Au sujet de « Mon corps n’est pas le même que le vôtre » et du « corps frère à sa semblance »… Je ne sais pas ; idée qui ne m’est jamais venue consciemment. Si je me l’applique volontiers, c’est plutôt pour dire cette espèce d’opacité têtue (…chtonienne ?) que je perçois en me voyant : mon corps est ce qu’il est, se métamorphose peu, aucun don pour le mimétisme physique. Mais en effet, je ne pense pas qu’un hétérosexuel aurait eu l’idée d’une telle phrase.
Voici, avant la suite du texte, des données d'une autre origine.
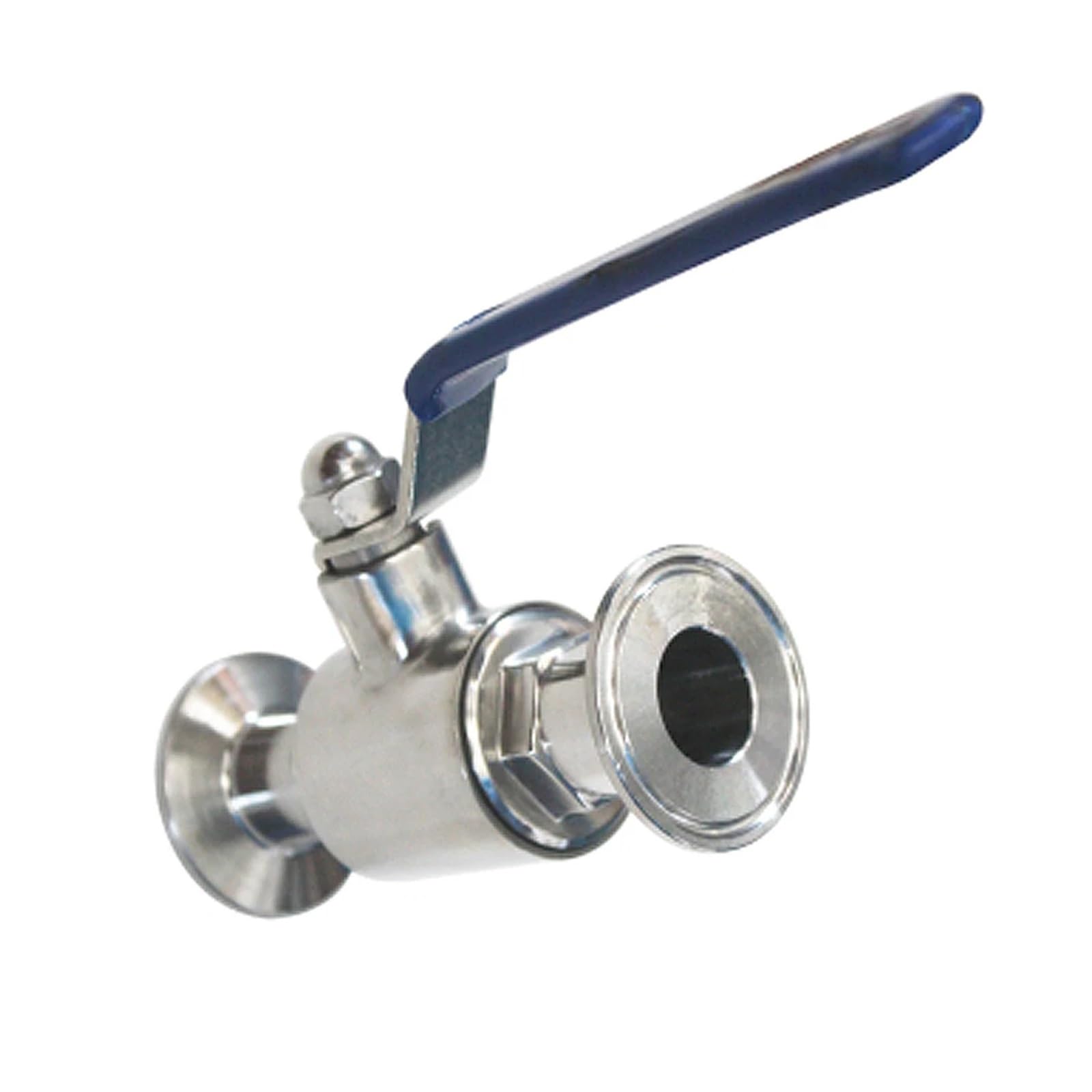JNURGWLYH 3/4" 19mm 1" 25mm 32mm 304 Stainless Steel Ball Valve 2-Way 1.5" Tri Clamp Ferrule Type(OD 32mm)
Sur la question du « grain de la voix », je répondrai par un article dans mon journal (prévu depuis longtemps, à retravailler).
A bientôt.
Amicalement,
B.
Après-midi
Pas de sieste : je fais des courses. Je laisse deux euros dans une soucoupe destinée à rendre la monnaie. J’avais cru à une possible gratification de la caissière, et non pas à une précaution sanitaire. Je suis plein de confusion ensuite. La caissière, souriante, me laisse entendre qu’elle fera bon usage de mon obole.
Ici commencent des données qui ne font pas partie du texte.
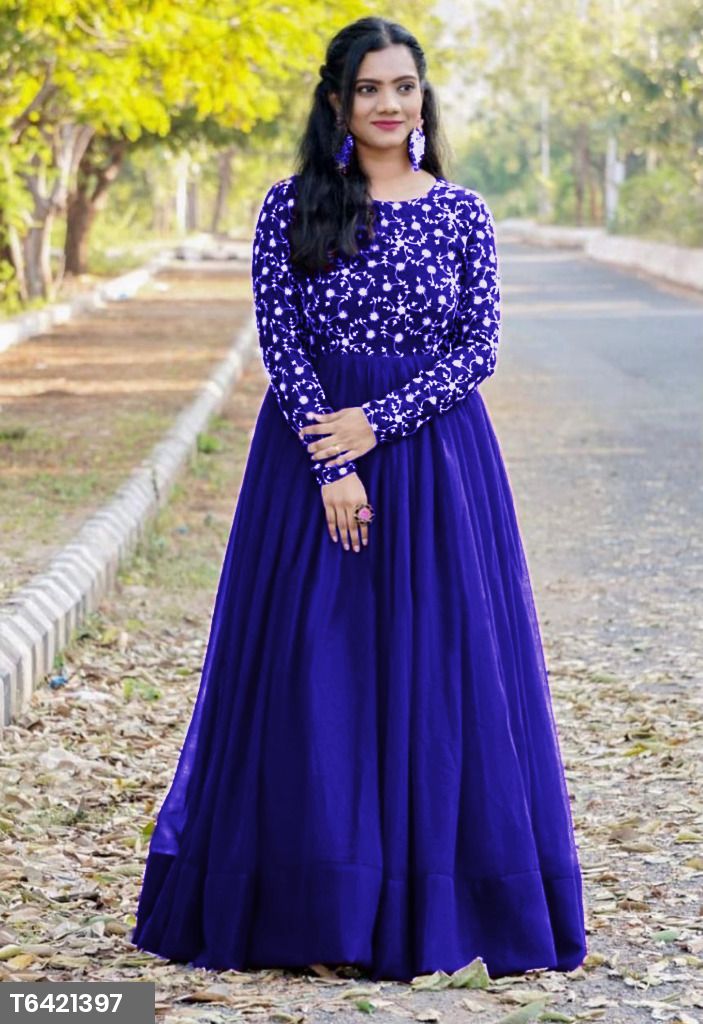 Trisha Amazing Wine Colour Womes's Gown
Mon père, à qui je livre quelques denrées, m’attend, avec dix masques tissus. Il voudrait que je passe chez eux, mais je suis mal garé et remets à plus tard. Il dit vouloir « déconfiner » nos rapports et mettre fin à notre isolement (je suppose qu’il entend le mien surtout ; peut-être aussi pense-t-il à ma mère, qui doit ne pas comprendre pourquoi l’on ne se voit plus).
Rentré, je m’aperçois que j’ai disposé mon masque à l’envers !
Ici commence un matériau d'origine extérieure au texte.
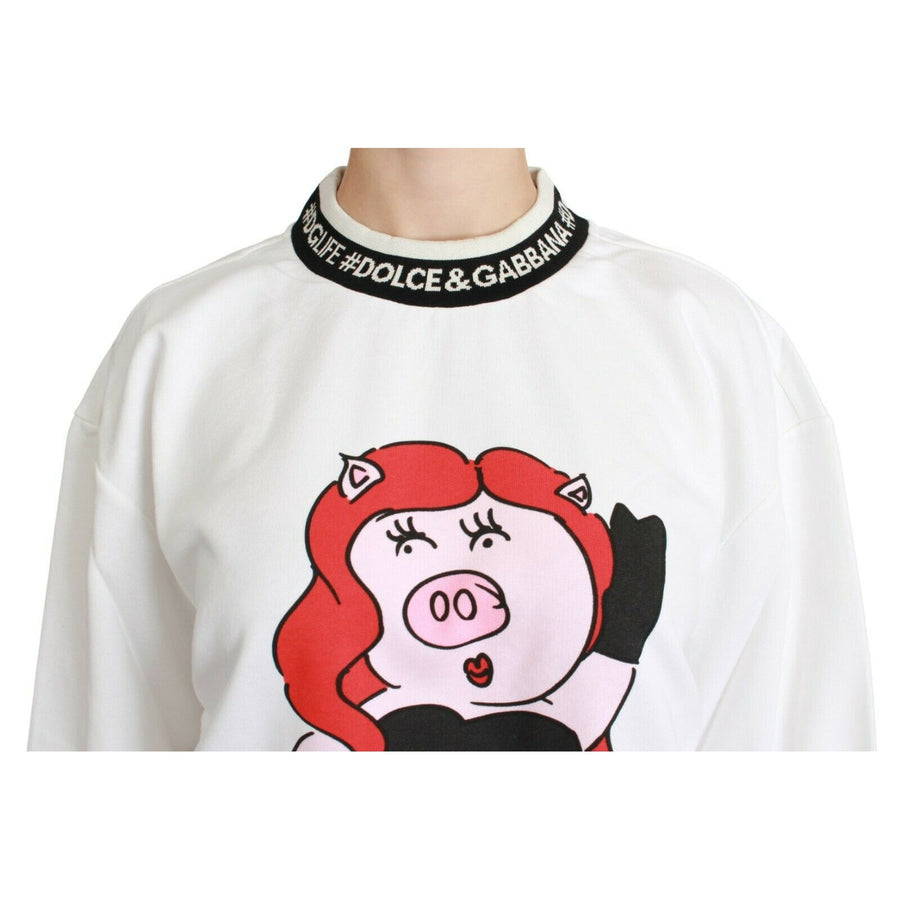 Dolce & Gabbana Chic Crew-Neck Pullover Sweater with Unique Print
Promenade d’une quarantaine de minutes.
J’échappe à un appel de Claudie, à qui je ne réponds pas.
Soir
Je commence pour la toute première fois à trouver la situation vraiment pesante. Mon père a mis le doigt sur un aspect important de nos vies confinées : l’absence de présence physique. (Je me suis amusé intérieurement de voir qu’une touffe de poils avait poussé dans ses oreilles.)
Je subis plutôt que je ne regarde deux vidéos de commentaires de la situation sur mon ordinateur, puis regarde tout aussi vaguement le début d’une série sur Arte avant de décider qu’il est suffisamment tard pour verser dans un lit.